Sorry for the late followup. i don't know where i got this, but I thought PhotoFlo was one of the Pluronic surfactants rather than Triton X-100. In any case, the surfactant chosen is preferably a nonionic one, which rules out most dish soaps (which contain Aerosol-OT). The reason is that Aerosol-OT is anionic; while most ink dyes are probably anionic (and hence won't interact with the Aerosol-OT), it is possible that certain inks may contain nonionic or cationic dyes whose solubility could be affected by an anionic surfactant.

 

The downside of Triton X-100 is that many countries are moving to restrict its use because it may contain estrogenic impurities(like one of its starting materials). There are excellent replacements but they may be harder for amateurs to get their hands on them.
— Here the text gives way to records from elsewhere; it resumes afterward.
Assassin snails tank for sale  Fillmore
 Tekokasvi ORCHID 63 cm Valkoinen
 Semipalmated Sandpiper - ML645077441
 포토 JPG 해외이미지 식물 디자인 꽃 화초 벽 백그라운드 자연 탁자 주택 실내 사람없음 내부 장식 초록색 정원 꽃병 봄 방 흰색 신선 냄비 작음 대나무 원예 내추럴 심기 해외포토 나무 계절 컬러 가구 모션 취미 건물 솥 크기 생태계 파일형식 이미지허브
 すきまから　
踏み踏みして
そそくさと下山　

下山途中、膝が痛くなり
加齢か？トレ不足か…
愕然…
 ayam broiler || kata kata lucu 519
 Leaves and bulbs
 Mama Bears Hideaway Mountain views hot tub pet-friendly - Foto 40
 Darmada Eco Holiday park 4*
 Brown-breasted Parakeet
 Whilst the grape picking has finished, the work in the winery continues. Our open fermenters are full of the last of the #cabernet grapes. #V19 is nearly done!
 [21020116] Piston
If I was making my own inks now and had my druthers and the equipment to measure very small amounts of fluids, I would use Surfynol 465 as the wetting agent of choice. I don't know how an amateur formulator could get their hands on it though. Any of the ones I've mentioned should be significantly stronger wetting agents than ethylhexylglycerol. Note also that what matters in ink flow is not surface tension (which happens at a liquid/air interface) but interfacial tension (liquid/solid interface, where the solid is the materials of the nib and feed). These two types of tensions roughly parallel one another, but there are many exceptions to that corrrelation.